(Crawled caption data)
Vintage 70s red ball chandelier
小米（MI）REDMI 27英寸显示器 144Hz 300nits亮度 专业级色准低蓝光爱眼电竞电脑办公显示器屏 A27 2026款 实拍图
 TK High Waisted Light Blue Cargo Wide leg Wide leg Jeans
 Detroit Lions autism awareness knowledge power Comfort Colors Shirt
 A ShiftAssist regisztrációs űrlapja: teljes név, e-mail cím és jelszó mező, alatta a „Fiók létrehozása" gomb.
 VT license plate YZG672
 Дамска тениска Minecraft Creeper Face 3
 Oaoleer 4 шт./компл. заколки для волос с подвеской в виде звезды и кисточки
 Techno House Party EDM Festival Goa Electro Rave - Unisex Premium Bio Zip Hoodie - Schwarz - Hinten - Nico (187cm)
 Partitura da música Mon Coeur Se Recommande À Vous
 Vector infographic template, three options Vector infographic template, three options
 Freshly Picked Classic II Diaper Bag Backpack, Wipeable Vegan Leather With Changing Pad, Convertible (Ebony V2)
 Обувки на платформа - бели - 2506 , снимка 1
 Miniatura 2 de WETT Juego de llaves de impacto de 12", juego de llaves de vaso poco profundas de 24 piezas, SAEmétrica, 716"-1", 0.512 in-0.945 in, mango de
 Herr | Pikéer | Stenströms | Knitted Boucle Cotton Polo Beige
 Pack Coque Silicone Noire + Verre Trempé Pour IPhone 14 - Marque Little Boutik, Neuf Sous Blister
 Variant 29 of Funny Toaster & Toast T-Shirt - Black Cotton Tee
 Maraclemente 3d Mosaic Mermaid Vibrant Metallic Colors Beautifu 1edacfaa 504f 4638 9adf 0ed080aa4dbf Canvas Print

• [What the task requires]: Transcribe every line above, character for character.

• [Task result]:
Vintage 70s red ball chandelier
小米（MI）REDMI 27英寸显示器 144Hz 300nits亮度 专业级色准低蓝光爱眼电竞电脑办公显示器屏 A27 2026款 实拍图
 TK High Waisted Light Blue Cargo Wide leg Wide leg Jeans
 Detroit Lions autism awareness knowledge power Comfort Colors Shirt
 A ShiftAssist regisztrációs űrlapja: teljes név, e-mail cím és jelszó mező, alatta a „Fiók létrehozása" gomb.
 VT license plate YZG672
 Дамска тениска Minecraft Creeper Face 3
 Oaoleer 4 шт./компл. заколки для волос с подвеской в виде звезды и кисточки
 Techno House Party EDM Festival Goa Electro Rave - Unisex Premium Bio Zip Hoodie - Schwarz - Hinten - Nico (187cm)
 Partitura da música Mon Coeur Se Recommande À Vous
 Vector infographic template, three options Vector infographic template, three options
 Freshly Picked Classic II Diaper Bag Backpack, Wipeable Vegan Leather With Changing Pad, Convertible (Ebony V2)
 Обувки на платформа - бели - 2506 , снимка 1
 Miniatura 2 de WETT Juego de llaves de impacto de 12", juego de llaves de vaso poco profundas de 24 piezas, SAEmétrica, 716"-1", 0.512 in-0.945 in, mango de
 Herr | Pikéer | Stenströms | Knitted Boucle Cotton Polo Beige
 Pack Coque Silicone Noire + Verre Trempé Pour IPhone 14 - Marque Little Boutik, Neuf Sous Blister
 Variant 29 of Funny Toaster & Toast T-Shirt - Black Cotton Tee
 Maraclemente 3d Mosaic Mermaid Vibrant Metallic Colors Beautifu 1edacfaa 504f 4638 9adf 0ed080aa4dbf Canvas Print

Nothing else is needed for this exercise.